__MATERIAL PROVIDED__:
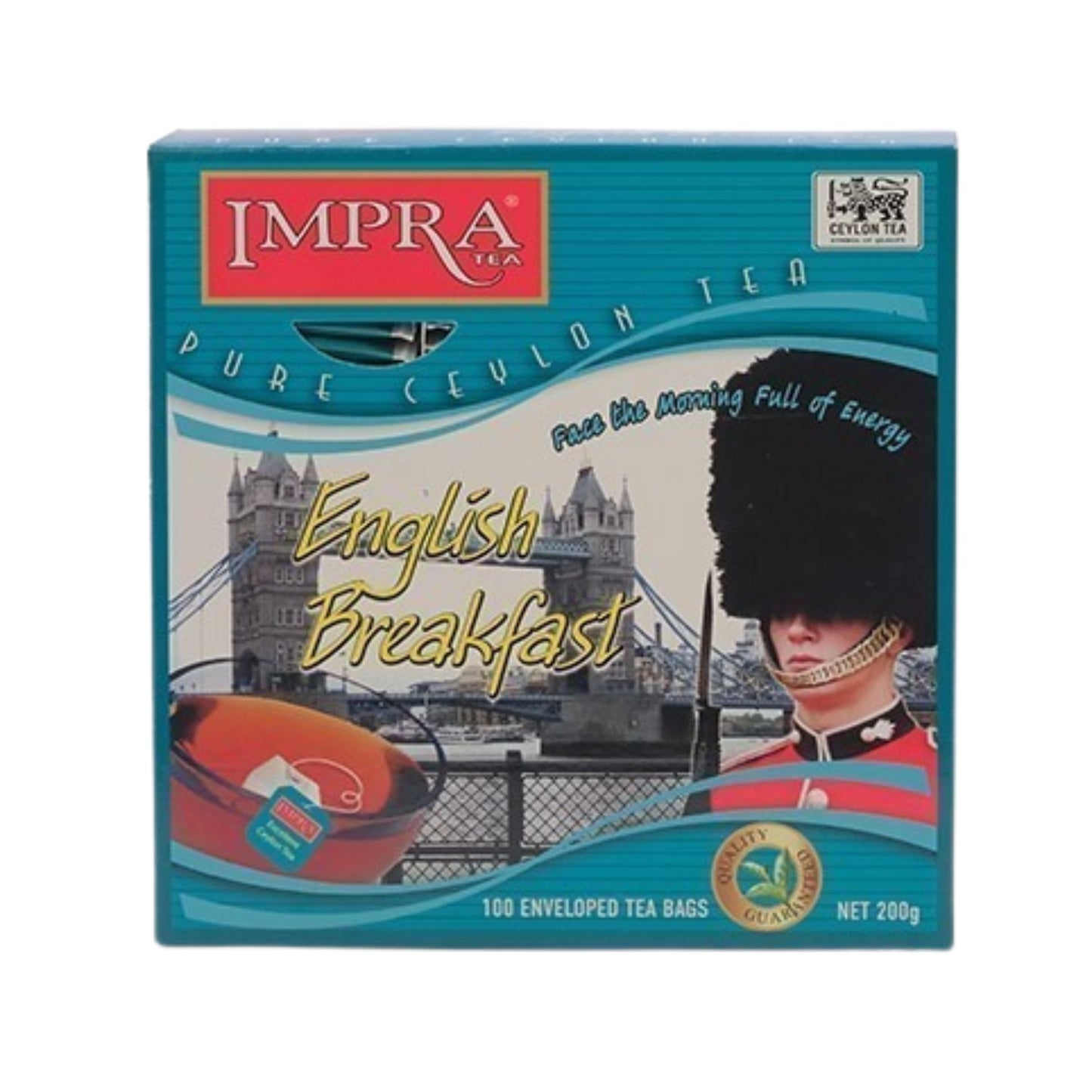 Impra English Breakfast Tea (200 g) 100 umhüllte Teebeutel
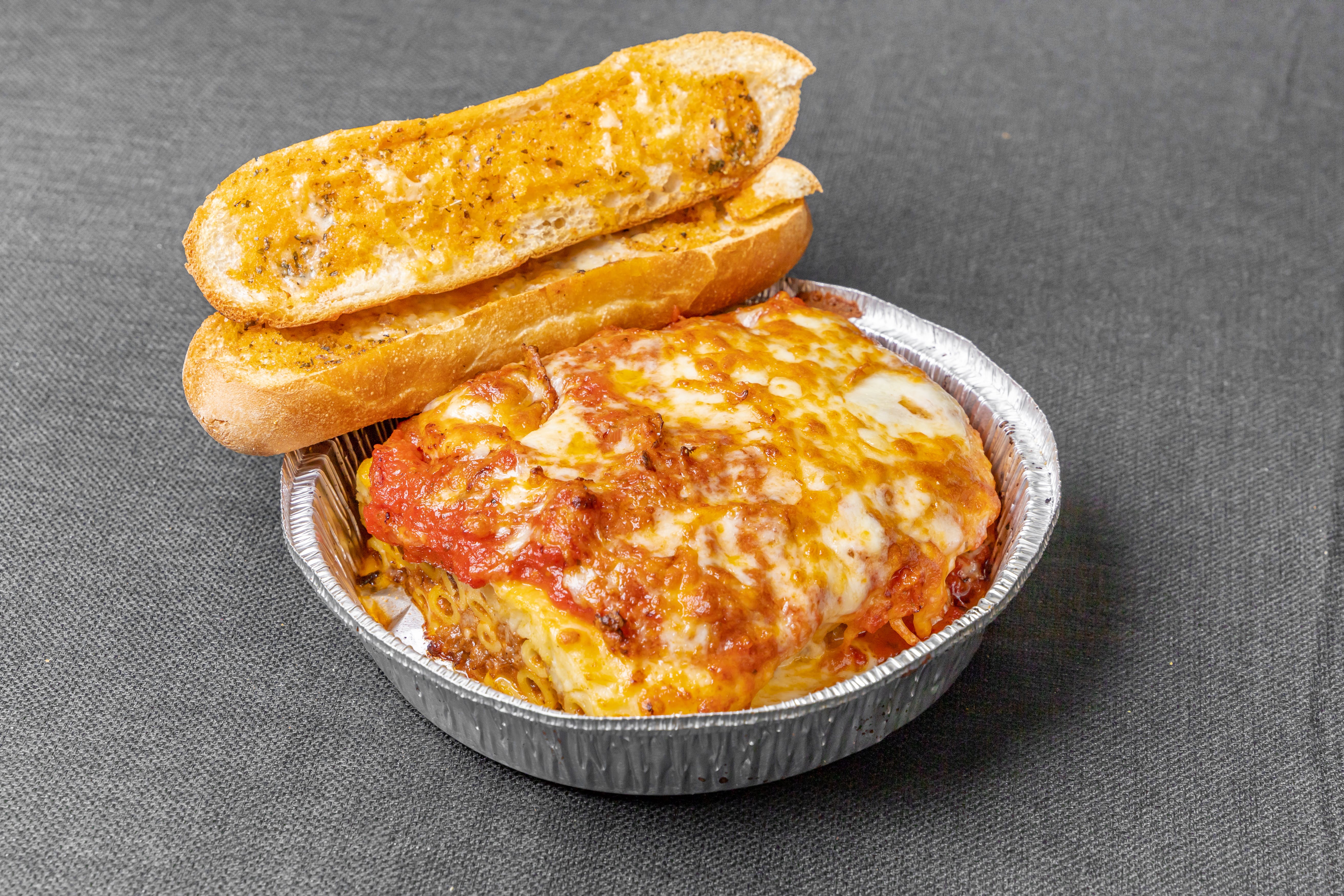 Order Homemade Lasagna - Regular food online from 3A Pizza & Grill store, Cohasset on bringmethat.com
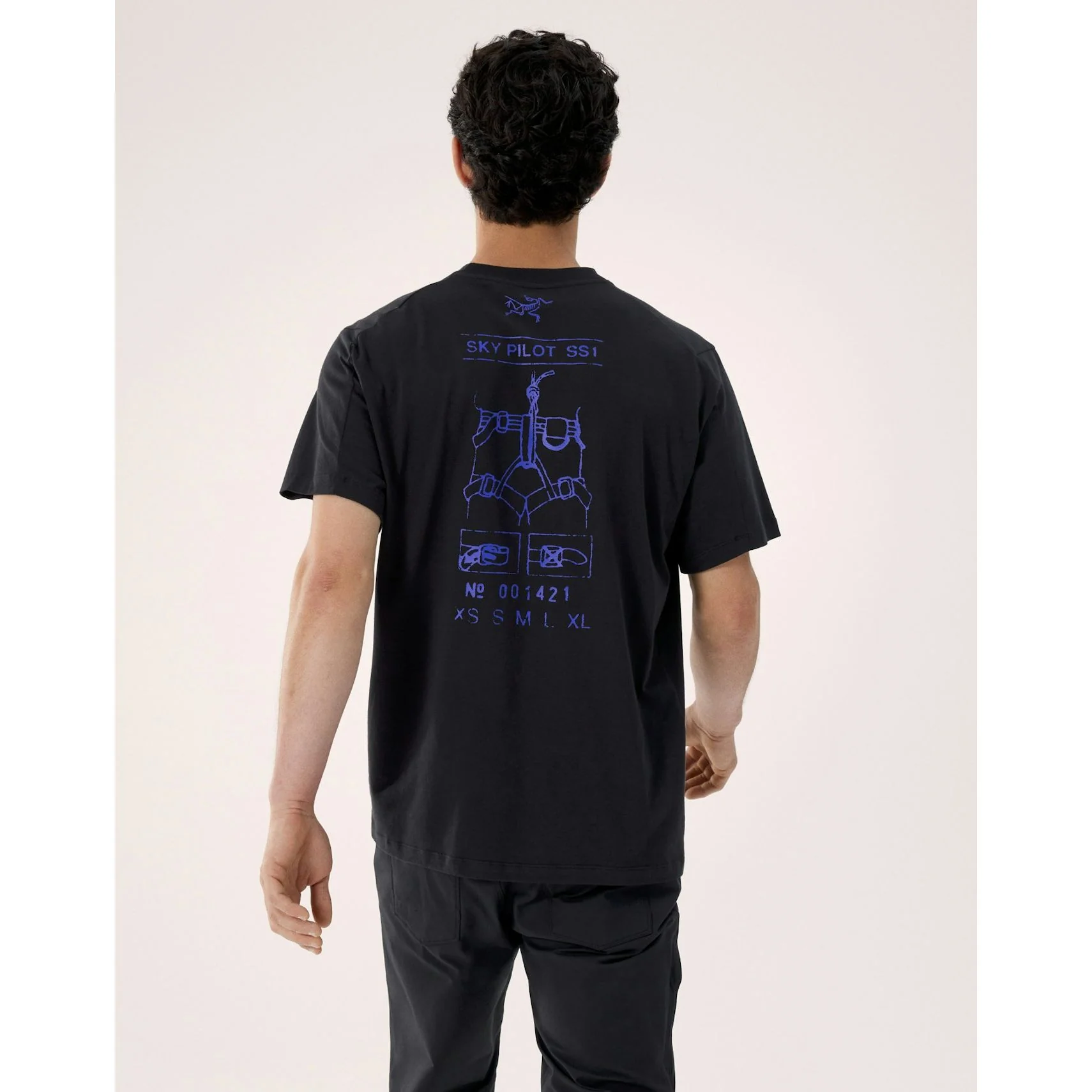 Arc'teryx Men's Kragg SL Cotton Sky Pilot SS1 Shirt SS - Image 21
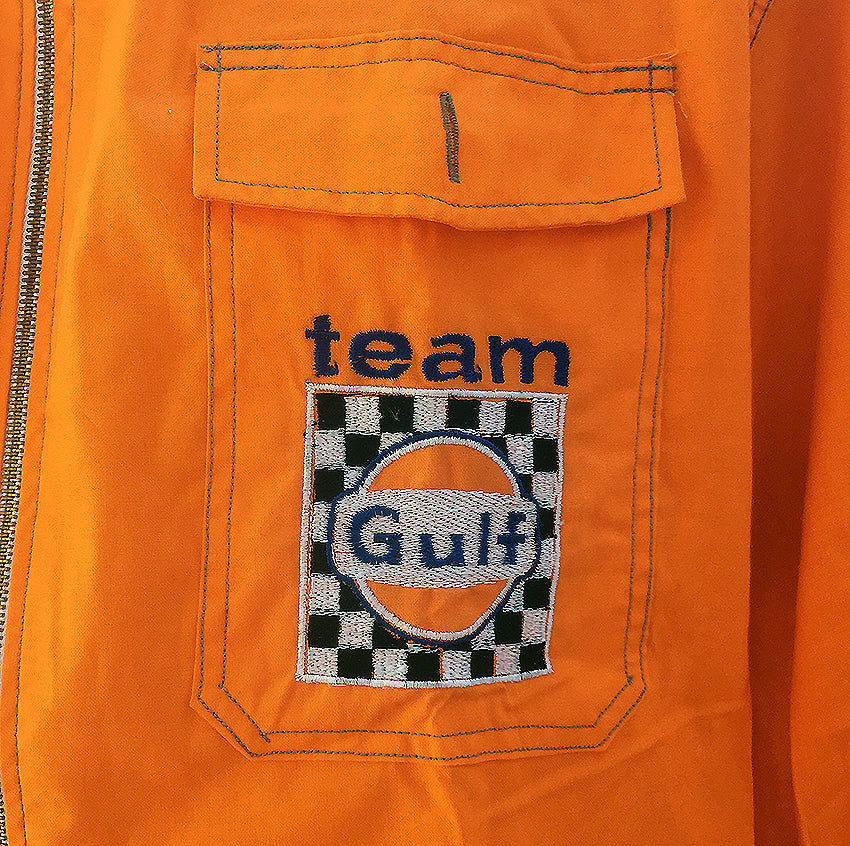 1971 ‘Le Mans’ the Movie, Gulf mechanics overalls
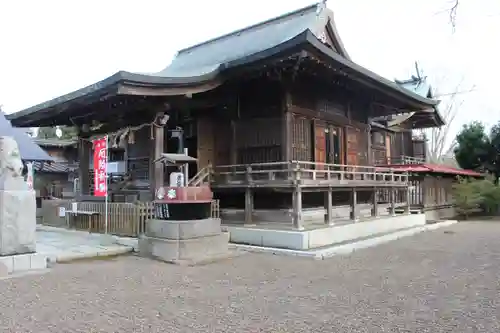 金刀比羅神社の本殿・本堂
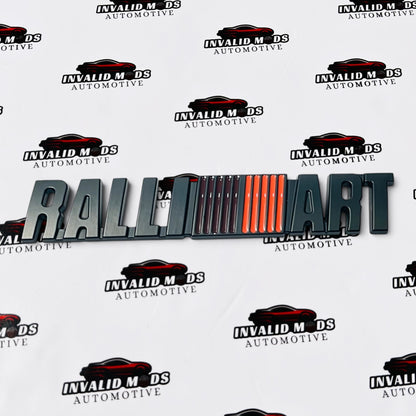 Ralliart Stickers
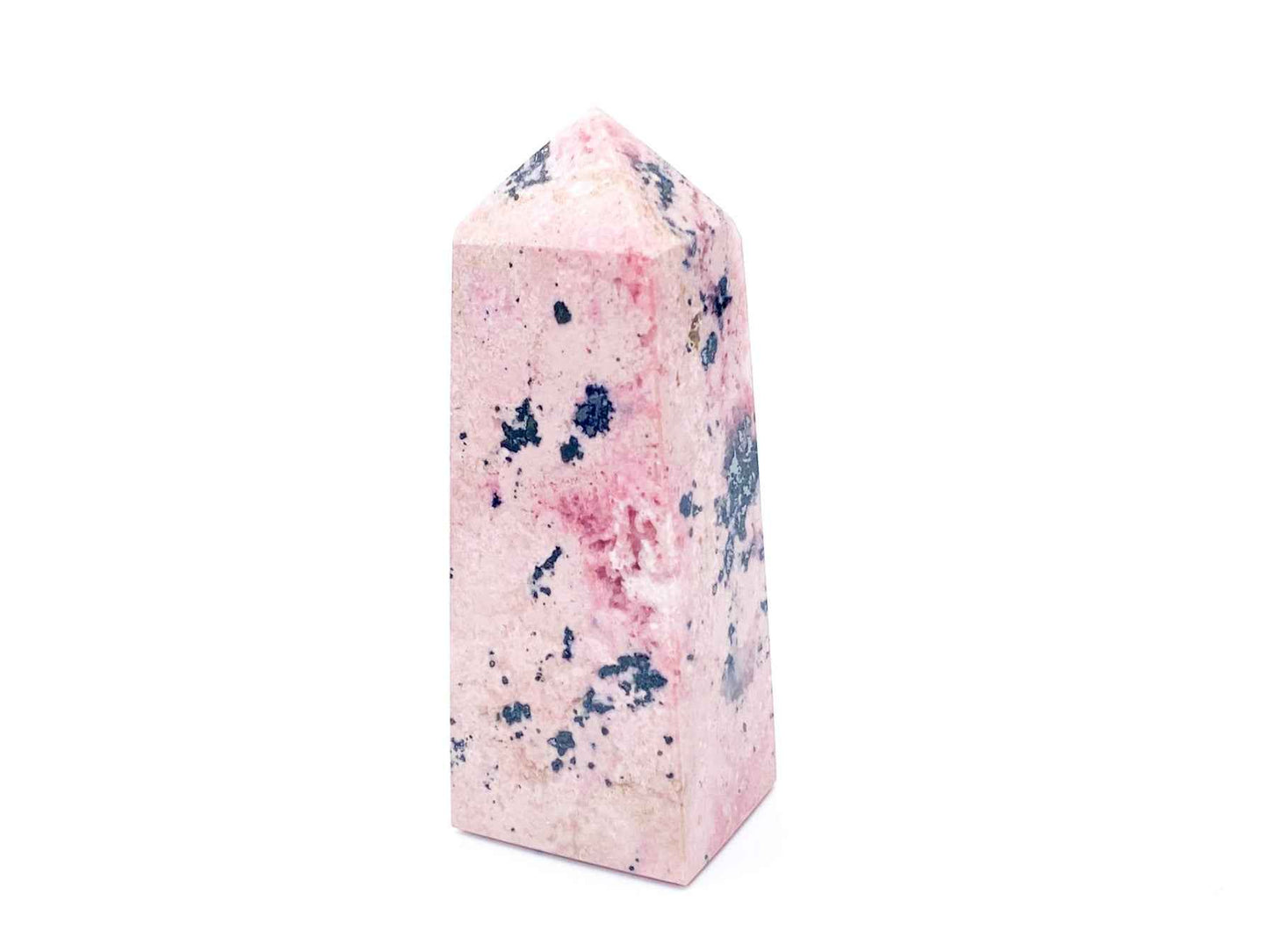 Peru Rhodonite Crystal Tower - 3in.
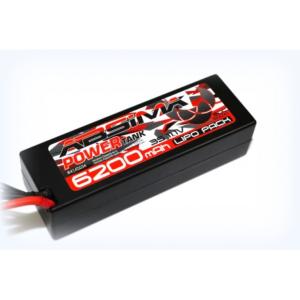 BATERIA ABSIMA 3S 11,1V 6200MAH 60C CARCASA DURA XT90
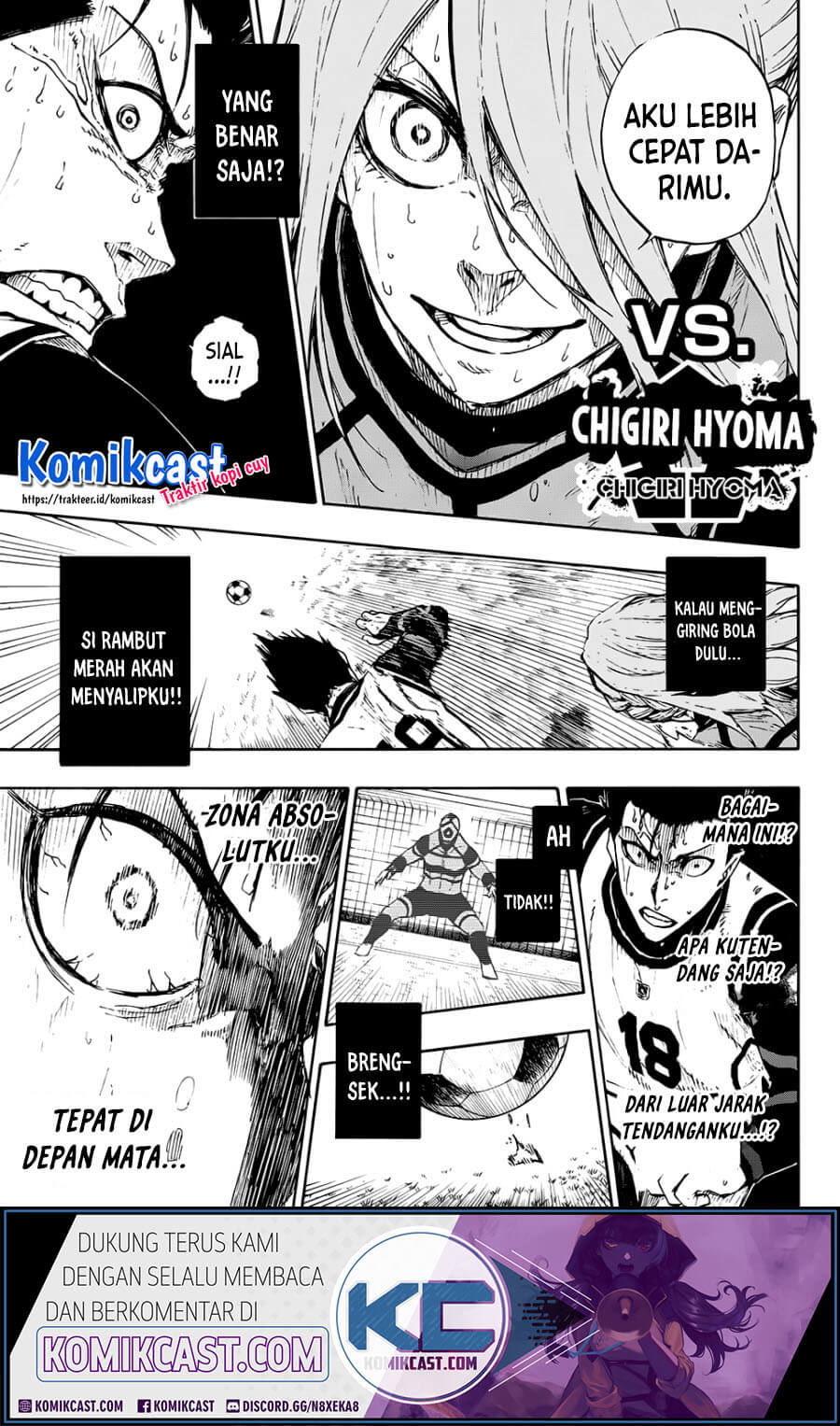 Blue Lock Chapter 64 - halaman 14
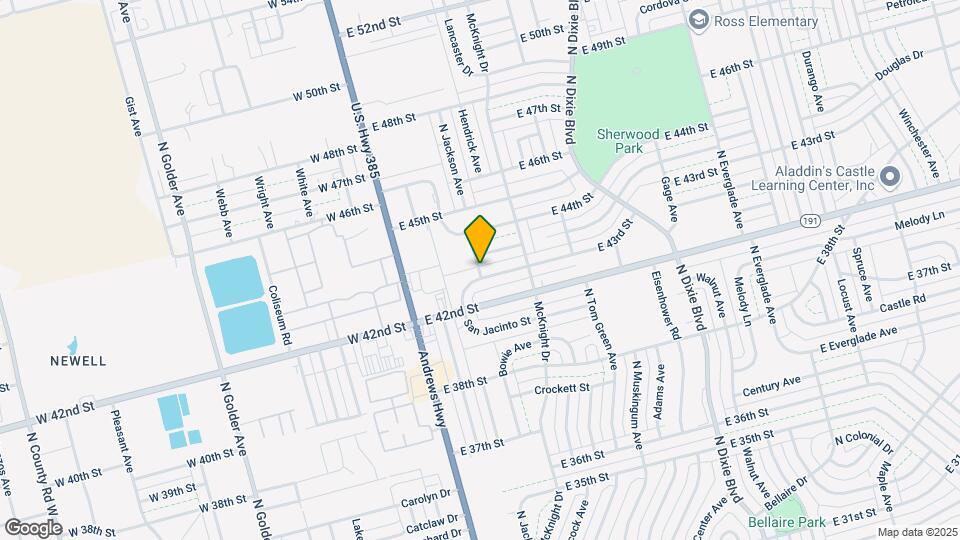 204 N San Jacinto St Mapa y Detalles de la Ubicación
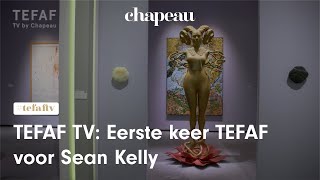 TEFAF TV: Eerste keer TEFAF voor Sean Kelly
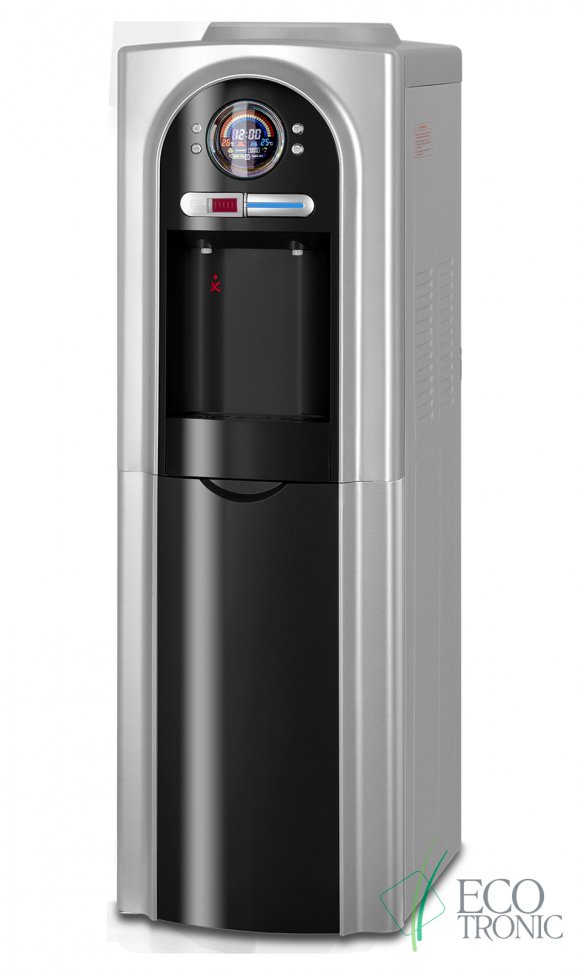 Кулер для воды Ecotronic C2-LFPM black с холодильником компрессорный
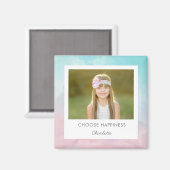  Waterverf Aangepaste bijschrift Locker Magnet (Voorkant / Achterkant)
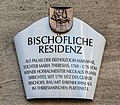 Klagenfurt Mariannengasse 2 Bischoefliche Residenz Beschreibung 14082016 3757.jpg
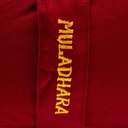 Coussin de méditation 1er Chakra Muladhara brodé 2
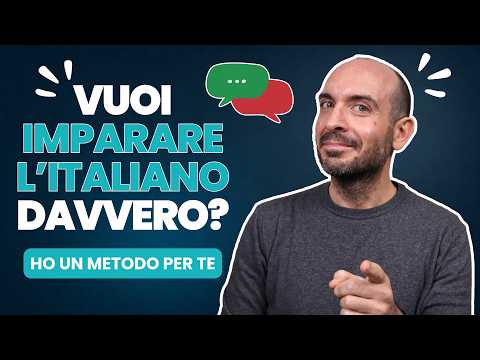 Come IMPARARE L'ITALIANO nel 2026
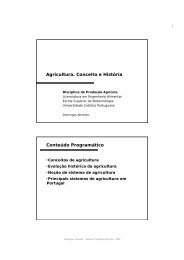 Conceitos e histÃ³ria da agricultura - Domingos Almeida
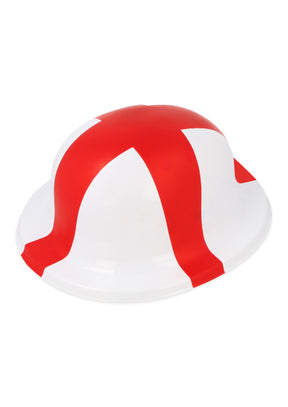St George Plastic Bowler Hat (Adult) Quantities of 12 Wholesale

__TASK BRIEF__:
Transcribe the whole listing, character for character, but not its images.

__EXERCISE RESPONSE__:
 Impra English Breakfast Tea (200 g) 100 umhüllte Teebeutel
 Order Homemade Lasagna - Regular food online from 3A Pizza & Grill store, Cohasset on bringmethat.com
 Arc'teryx Men's Kragg SL Cotton Sky Pilot SS1 Shirt SS - Image 21
 1971 ‘Le Mans’ the Movie, Gulf mechanics overalls
 金刀比羅神社の本殿・本堂
 Ralliart Stickers
 Peru Rhodonite Crystal Tower - 3in.
 BATERIA ABSIMA 3S 11,1V 6200MAH 60C CARCASA DURA XT90
 Blue Lock Chapter 64 - halaman 14
 204 N San Jacinto St Mapa y Detalles de la Ubicación
 TEFAF TV: Eerste keer TEFAF voor Sean Kelly
 Кулер для воды Ecotronic C2-LFPM black с холодильником компрессорный
  Waterverf Aangepaste bijschrift Locker Magnet (Voorkant / Achterkant)
 Klagenfurt Mariannengasse 2 Bischoefliche Residenz Beschreibung 14082016 3757.jpg
 Coussin de méditation 1er Chakra Muladhara brodé 2
 Come IMPARARE L'ITALIANO nel 2026
 Conceitos e histÃ³ria da agricultura - Domingos Almeida
St George Plastic Bowler Hat (Adult) Quantities of 12 Wholesale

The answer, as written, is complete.